Hoje, observo o nosso modo de ver as pessoas e comparo como se estivéssemos nos olhando de dentro de carros. Como se vivêssemos dentro de automóveis o dia todo e víssemos uns aos outros também dentro de seus veículos. Na realidade veríamos somente os veículos e raramente conseguiríamos enxergar o rosto do motorista atrás do parabrisas devido aos reflexos do Sol ou simplesmente devido a imponência, a cor e a potencia do automóvel. Então a grande Obra Divina, cantada em prosa e verso, seriam meros motoristas presos nessa atraente massa de ferro moldado. Nossos conceitos dos outros seriam tão somente o que enxergamos neles, ou seja, as linhas, os formatos e as cores de seus carros. Imagina que quando o veiculo fundisse o motor de forma irreversível, choraríamos de pena, em cima do capô do carro morto sem sequer perceber que o motorista, aquele da Obra de Deus, está vivo! Talvez ao lado do seu carro nos olhando incrédulos devido a nossa tamanha insensatez, ou quem sabe, compreendendo nossa pequenez, tentam nos consolar. Certo! Mas e o que aconteceria com os motoristas desses carros descartados enferrujando ao relento? Pelas teorias existentes: ou estariam apodrecendo dentro de suas armaduras de ferro, ou seriam doravante apenas pedestres, ou estariam internados em novos e diferentes carros ? logo, desconhecido dos antigos companheiros. Perdoem-me a fraqueza de espírito, mas me incomoda a primeira opção, por isso vou aceitar como verdadeira as duas últimas.
(Jeito estranho de enxergar as pessoas, porque nessa visão os carros são como nossos corpos, as oficinas seriam como os hospitais e os cemitérios como ferro velhos e o motorista é a alma que inclui os pensamentos, virtudes, vícios, desejos, crenças, paixões e ilusões, enfim a pessoa em si.)

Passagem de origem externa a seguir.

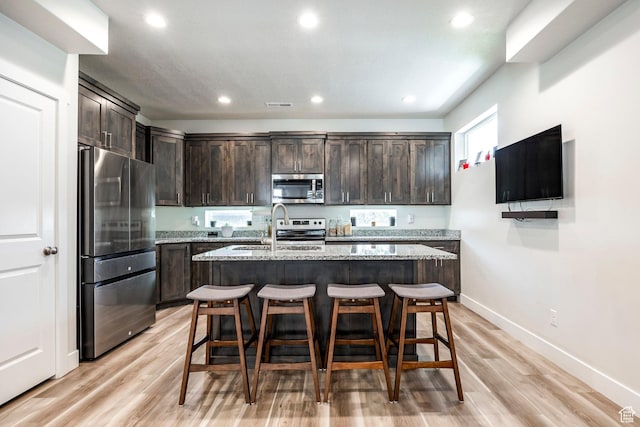 668 S 400 E, Clearfield, UT 84015 - kitchen with appliances with stainless steel finishes, dark brown cabinets, a sink, recessed lighting, and light wood-style floors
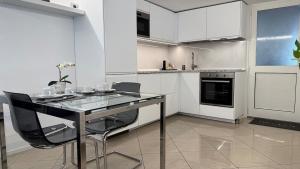 Η κουζίνα ή μικρή κουζίνα στο Modern suite near Corso Buenos Aires Lima Porta Venezia metro +7 φωτογραφίες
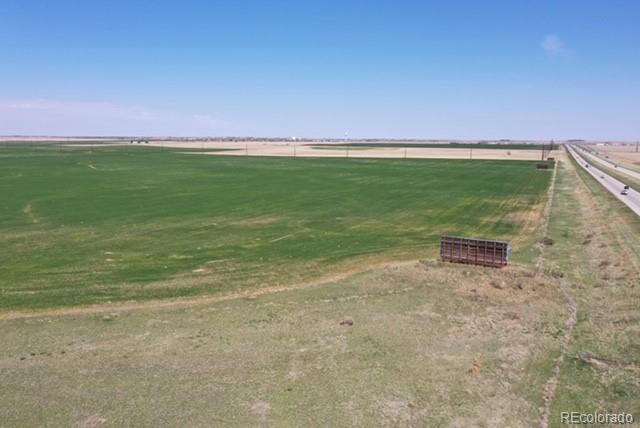 a view of a field with an empty space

De certo modo essa fábula vem de encontro aos nossos conceitos e deficiências cotidianas em enxergar o que é verdadeiro ou ilusão. Vimos na maioria das vezes apenas as vestes, os carros, o status e o suposto poder das pessoas em detrimento do que as almas delas realmente carregam dentro de si. Quem de nós nunca olhou tão somente as "latarias" dos "carros" dos outros? Quem de nós consegue realmente ver e deixar ser vistos fora de nossas máscaras? Será que para sermos Livres não seja necessário deixarmos de ser escravos dessas ilusões materiais, usando do poder dos bons costumes, por exemplo? Por que ainda não conseguimos interiorizar o fato de que por de atrás dessas carcaças somos realmente iguais perante a Suprema Luz? E por que não percebemos que quando rezamos e dizemos "Pai Nosso" estamos nos comprometendo com Deus e com todos os homens de uma maneira salutar? Sim, pois dizendo "Pai" estamos exaltando e glorificando um ser supremo, o Arquiteto do Universo; e quando dizemos "Nosso" colocamos nós e todas as outras pessoas (boas ou más, poderosas ou humildes, queridas ou repugnantes) como filhos d?Ele, portanto nossos irmãos. Assim pude entender o quão pesada é a nossa missão de viver as palavras Liberdade, Igualdade e Fraternidade.
No fundo eu gostaria que todos tivessem uma Aninha em suas vidas, que os fizessem pensar. Espero que quando eu e a minha filha crescermos, tenhamos uma visão mais clara e reconfortante dos sublimes mistérios da vida, mas por enquanto somos apenas pequenos aprendizes.